What a difference three years make when it comes to telling stories and newspapers and journalist. By the time it was made State of the Play took the plot of a BBC series and carried it over the Ocean melding the story of a newspaper team with big corporate and government conspiracy and congressional corruption, all in a well-paced thriller wrapping. Today it looks more like an elegy to the profession of investigative reporter, to the good old methods of traditional journalism. If the film was made today not only many of the technical details would have been different, but also the focus may not have been that much on the printed press. It may have been the journalist helping the blogger and not the other way. Almost as director Kevin Macdonald after having made a movie about The Last King of Scotland made afterwards a movie about the last great investigative journalist. State of Play is not a bad film, but it does not raise to hights either, and the good parts end by being not exactly the ones planned by the director and producers.
The story starts with a double murder and an apparent accident that seem unconnected excepting the fact that they are reported by the same newspaper (a reverence to and quotation of the Washington Post of the 70s, actually the Watergate hotel is one of the settings in the film), although we well know things will change soon. They do indeed, as the subway accident which leads to the death of a Congressman’s assistant and the street shooting that opens the film get together in an intrigue that seems to implicate the politician (Ben Affleck) who is investigating a big corporation involved in the private security services oversees while managing an affair with his assistant. While the corruption and sex scandal story develop the focus shifts to the investigation of the news team and especially to the people behind it.

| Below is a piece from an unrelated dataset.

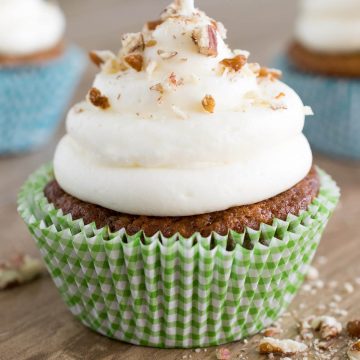 Single carrot cake cupcake with cream cheese frosting piled high.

(video source blacktreemedia)
The thriller part of the story is reasonably well written, but brings really nothing new. It is more the characters in the newspaper redaction that catch the attention, their methods, the way they balance the duty to expose the truth with their personal feelings, the attitude towards their profession. Russell Crowe is quite convincing as the investigative reporter whose actions walk on the thin line between professional duty and personal feelings like friendship and emotional involvement. He is also a low-tech guy, slightly out of touch not only with the technology but mostly with the morals of the day. Rachel McAdams supports well Crowe as the young blogger who grows with the case, while Helen Mirren as the Chief Editor is as royal as ever and made me regret that her role was not more consistent. I never was a fan of Ben Affleck‘s acting skills and I did not become one after seeing this film.